When we moved in there were just two of us, all quiet in this creaky house with an overgrown front garden and a wasteland of a backyard. We painted the walls green. We watched two girl children—our neighbors—explore the block together. It felt like the great mystery of our future was before us; maybe we’d move west, maybe we’d have a baby, or maybe we couldn’t. There was lots of time to think.

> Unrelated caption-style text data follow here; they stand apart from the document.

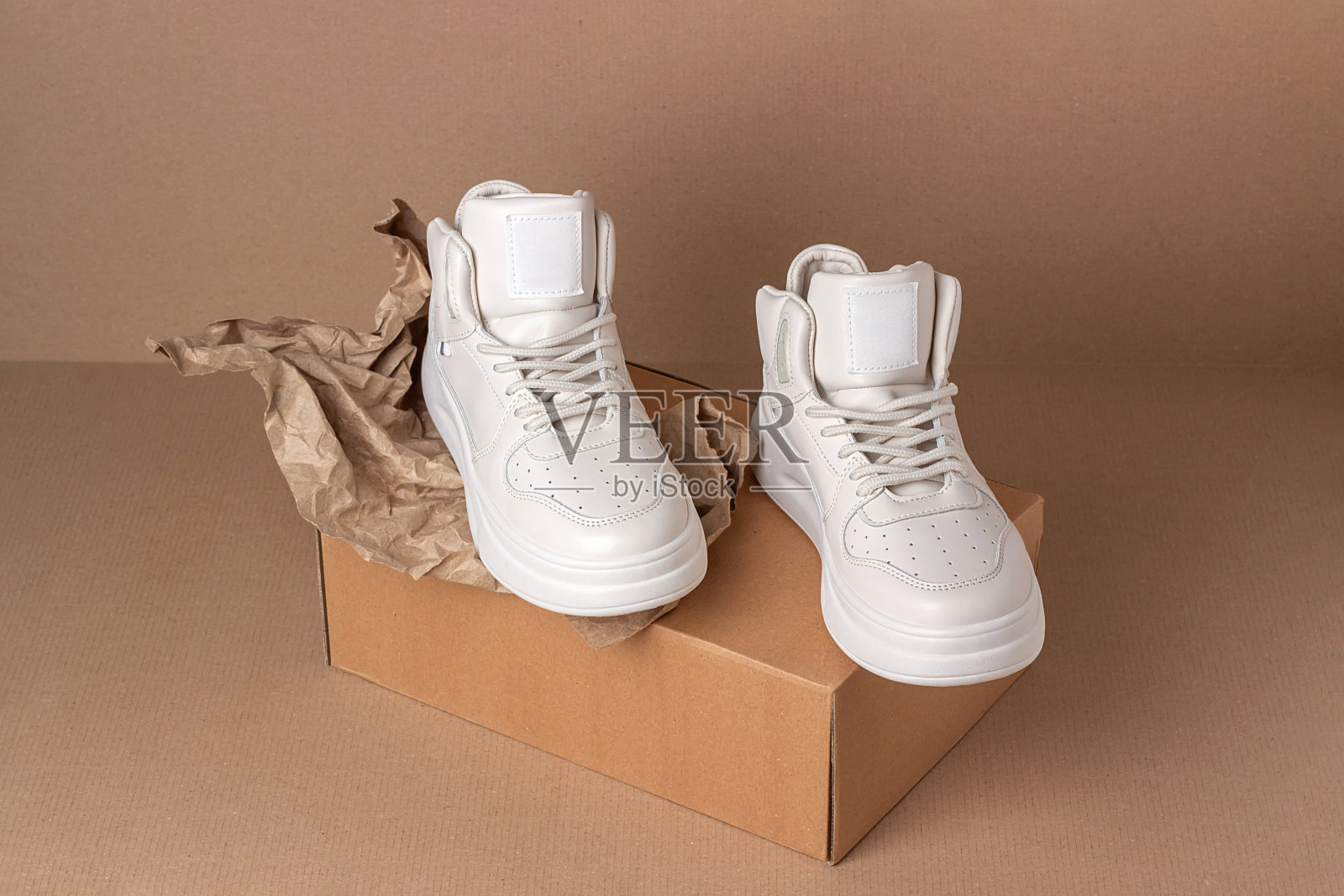 Eco皮鞋。一双棕色背景的米色运动鞋。最小的风格。休闲运动生活理念照片摄影图片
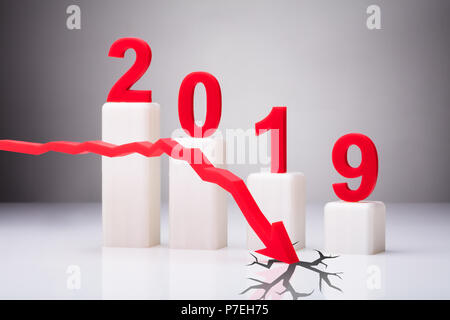 Freccia rossa di cracking superficie bianca di fronte decrescente di anno 2019 grafico Foto Stock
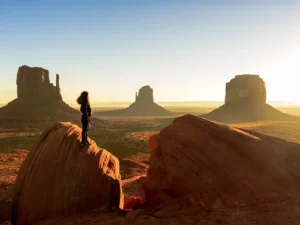 A woman standing on top of a rock in monument valley, arizona.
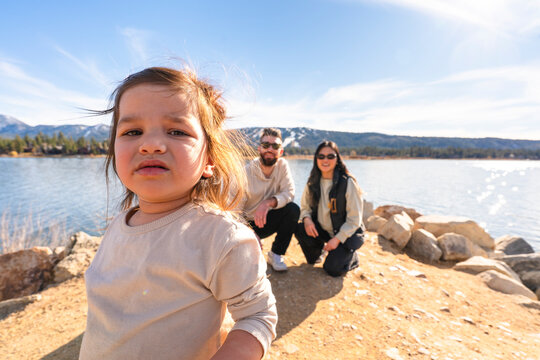 Family Enjoys Time by the Lake With Child Playing on the Shore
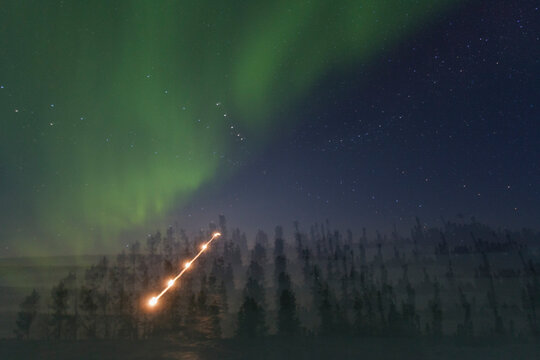 Bright colors of aurora borealis dance over boreal forest at Great Slave Lake during night in Northwest Territories, Canada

Now those girls have long limbs and hips they still aren’t used to, and they cross their ankles like their mothers, perching on the monkey bars at the park and touching their hair and chatting coolly with the boys who’ve appeared to try to impress them. Now our two little girls pull themselves up on the low branch of the pear tree and swing by their knees. They do their best to scale the back chainlink fence. They take off their shirts and play at inflating one another’s bellies with the bicycle pump, then collapse, giggling. We have what May calls “the best garden in the world”: currants, raspberries, tomatoes, beans, greens, tomatillos.

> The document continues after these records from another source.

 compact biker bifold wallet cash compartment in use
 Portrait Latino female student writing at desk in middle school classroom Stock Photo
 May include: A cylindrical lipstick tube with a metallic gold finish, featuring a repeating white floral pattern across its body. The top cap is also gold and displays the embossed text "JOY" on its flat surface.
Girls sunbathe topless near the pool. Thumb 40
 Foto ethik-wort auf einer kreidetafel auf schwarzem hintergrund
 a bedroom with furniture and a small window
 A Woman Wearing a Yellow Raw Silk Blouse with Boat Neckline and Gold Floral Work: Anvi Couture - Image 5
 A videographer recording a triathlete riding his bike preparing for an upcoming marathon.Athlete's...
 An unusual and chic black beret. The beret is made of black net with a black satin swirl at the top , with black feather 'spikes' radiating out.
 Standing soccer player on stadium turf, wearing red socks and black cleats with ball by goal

In another five years we’ll have asparagus, blueberries. They’ll both get on buses in the morning and spend the day on their own at school. They’ll learn mean things about the world, the things we’ve kept from them as long as we could. They’ll make friends. They’ll be able to read. Those neighborhood girls will move out of their parents’ houses and start finding their own lives.

About a year ago, when August was still barely a toddler and May still enjoyed toppling her over for sport, I was at the mall on my own taking care of some errands. I heard fast footsteps slapping up behind me—two people running—and then heard two girls’ voices “Mom! Mom! Mom!” They both kept calling and running until they caught up with the middle-aged woman just ahead of me, and then they came up one on either side of her and slowed to walk beside her, touching her shoulders, making big gestures with their arms and talking to her both at once.

My first blog post was July 25, 2004. A month later we closed on our house, and the next day we found out I was pregnant. These days, I feel a little sad, like things are happening around me faster than I can grasp. August is almost as old as May was when she was born. They disappear upstairs together for long half-hours, building little worlds out of hairclips and legos on the bed. They sit in my lap and listen to the same story, both leaning into me. In five years, our whole world has changed. We go to the same jobs, we sit at the same table, we wear (dear God!) the same clothes. But we are rearranged, inside and out. There are four of us. It’s happened faster than I ever imagined it could.


4 thoughts on “Quinquennial

  1. Oh god, I KNOW. Four years ago feels like a lifetime (which, I guess, it is!). It feels funny sometimes not having a baby around, as much as I didn’t like the little baby stage, but then I think about all the fun stuff you can do with older kids and I get excited about what’s to come.